One particularly controversial attempt involved a medium who claimed to make contact with the female entity. According to her account, the spirit communicated that she was “exactly where she wanted to be” and had “no regrets.” The medium emerged from the session visibly shaken and refused to discuss details beyond that statement.
CURRENT STATUS
As of this publication, apartment 4B remains vacant. The landlord has ceased attempts to rent it, instead listing the property for sale – with full disclosure of the paranormal activity, as required by law following the Johnson vs. Riverside Realty precedent. There have been no offers. The screaming continued every night at 6:23 P.M. The white-haired man still watches the sunrise. And sometimes, if you stand outside the building in the early evening, you can hear music playing from the fourth floor, and if you look up at the window, you might catch a glimpse of two figures swaying together in the fading light.
CONCLUSION
Case #2847 represents one of the most well-documented and consistent hauntings in the city’s history. The predictability of the manifestations, combined with the emotional resonance reported by witnesses, suggests a level of consciousness and intention rare in paranormal phenomena.
Ms. [REDACTED] was officially declared dead in absentia in March 20XY. Her family held a memorial service, though no body was ever recovered for burial. Friends describe her as kind, quiet, and someone who kept to herself but loved deeply when she let people in. Her mother, in a statement to the police, said her daughter had seemed “different” in the months before her disappearance – distant, distracted, but also somehow happier than she’d been in years.

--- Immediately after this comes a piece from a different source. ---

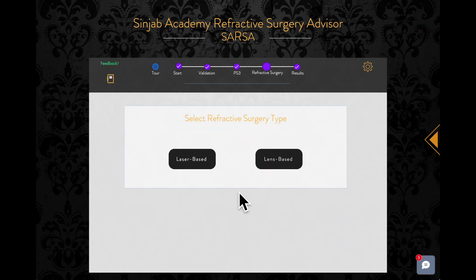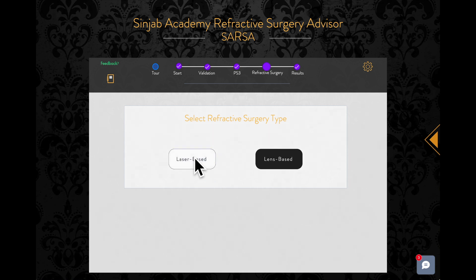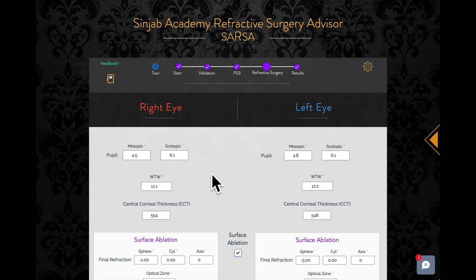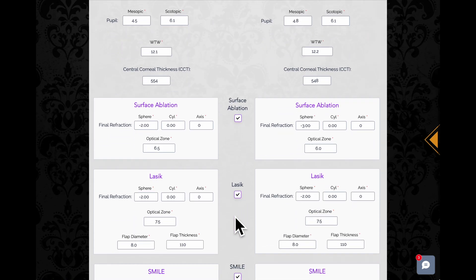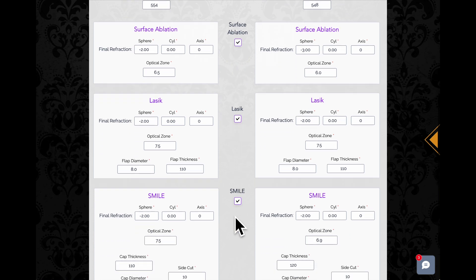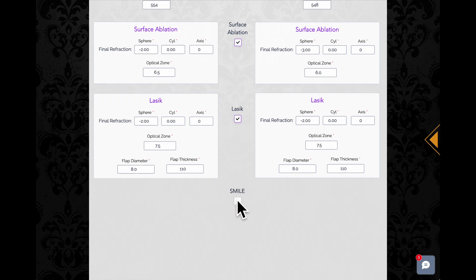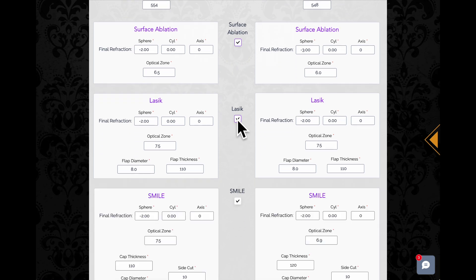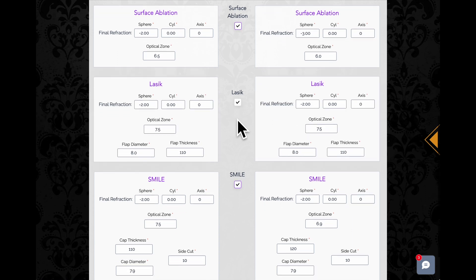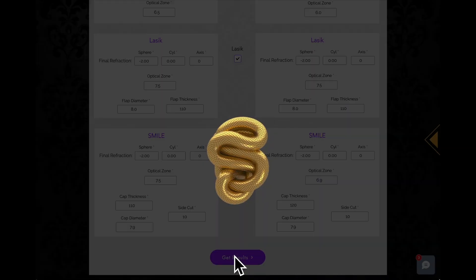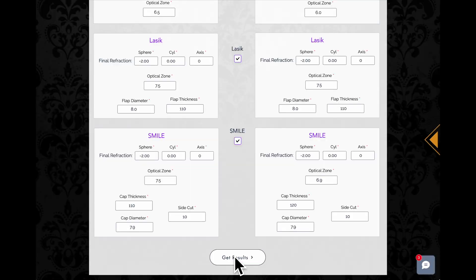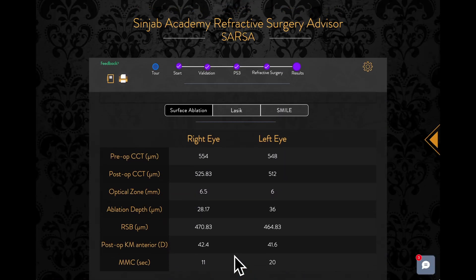In the refractive surgery step, select the type of refractive surgery you are planning to do. Under each type, all subtypes are checked by default. You can uncheck the subtypes you wish to exclude from the processing. After filling the blanks, click get results to let Sarsa process the data and present the results and recommendations.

The question remains: Is this a haunting in the traditional sense, or something else? Are these entities trapped, or have they chosen to stay? Is this a tragedy or a love story? Perhaps it’s both.
—End Report—
Editor’s Note: This case remains under active observation. Readers with additional information are encouraged to contact the Metropolitan Paranormal Research Society. The author wishes to note that despite extensive research and multiple site visits, she will not be conducting any further in-person investigations of this location. Some places, she maintains, should be left undisturbed.